** Opening DATA FOR REVIEW block **

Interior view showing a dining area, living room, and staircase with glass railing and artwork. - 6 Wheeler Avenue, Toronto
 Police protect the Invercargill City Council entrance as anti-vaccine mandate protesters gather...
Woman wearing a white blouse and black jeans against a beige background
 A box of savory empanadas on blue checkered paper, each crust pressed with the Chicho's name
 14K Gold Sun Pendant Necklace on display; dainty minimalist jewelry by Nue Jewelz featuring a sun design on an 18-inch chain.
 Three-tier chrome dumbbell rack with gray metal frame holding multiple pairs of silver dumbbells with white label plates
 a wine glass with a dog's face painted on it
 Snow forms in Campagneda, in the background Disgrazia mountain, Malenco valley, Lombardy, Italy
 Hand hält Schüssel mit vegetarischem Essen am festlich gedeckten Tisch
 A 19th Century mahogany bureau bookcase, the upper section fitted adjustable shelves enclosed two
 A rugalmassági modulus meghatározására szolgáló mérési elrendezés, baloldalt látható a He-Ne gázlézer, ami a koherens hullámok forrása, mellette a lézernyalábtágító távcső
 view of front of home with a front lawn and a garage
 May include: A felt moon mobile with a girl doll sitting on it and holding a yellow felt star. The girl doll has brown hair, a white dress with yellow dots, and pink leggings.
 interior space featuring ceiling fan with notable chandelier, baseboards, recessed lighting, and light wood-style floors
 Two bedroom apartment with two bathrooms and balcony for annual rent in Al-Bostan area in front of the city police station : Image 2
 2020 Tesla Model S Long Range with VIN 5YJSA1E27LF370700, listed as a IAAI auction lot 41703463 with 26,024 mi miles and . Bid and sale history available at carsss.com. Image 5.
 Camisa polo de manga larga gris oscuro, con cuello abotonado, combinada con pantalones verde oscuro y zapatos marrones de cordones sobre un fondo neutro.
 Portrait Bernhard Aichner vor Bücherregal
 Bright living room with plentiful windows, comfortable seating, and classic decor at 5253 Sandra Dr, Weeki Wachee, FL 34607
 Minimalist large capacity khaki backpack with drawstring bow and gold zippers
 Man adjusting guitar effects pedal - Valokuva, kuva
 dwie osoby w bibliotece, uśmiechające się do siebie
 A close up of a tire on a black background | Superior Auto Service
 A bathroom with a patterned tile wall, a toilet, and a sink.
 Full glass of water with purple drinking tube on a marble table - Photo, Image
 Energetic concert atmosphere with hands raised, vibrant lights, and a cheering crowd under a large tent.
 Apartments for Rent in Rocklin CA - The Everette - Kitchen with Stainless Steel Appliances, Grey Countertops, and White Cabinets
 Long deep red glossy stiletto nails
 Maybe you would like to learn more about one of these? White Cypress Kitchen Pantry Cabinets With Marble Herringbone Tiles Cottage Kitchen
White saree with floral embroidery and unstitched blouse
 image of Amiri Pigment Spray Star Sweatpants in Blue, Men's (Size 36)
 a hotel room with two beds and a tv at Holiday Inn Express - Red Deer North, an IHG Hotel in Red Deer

** Closing DATA FOR REVIEW block **

WHAT THE TASK ASKS:
For every line in the material above, note whether the word "featuring" appears, then state the number of lines where it does and nothing else.

ANSWER:
2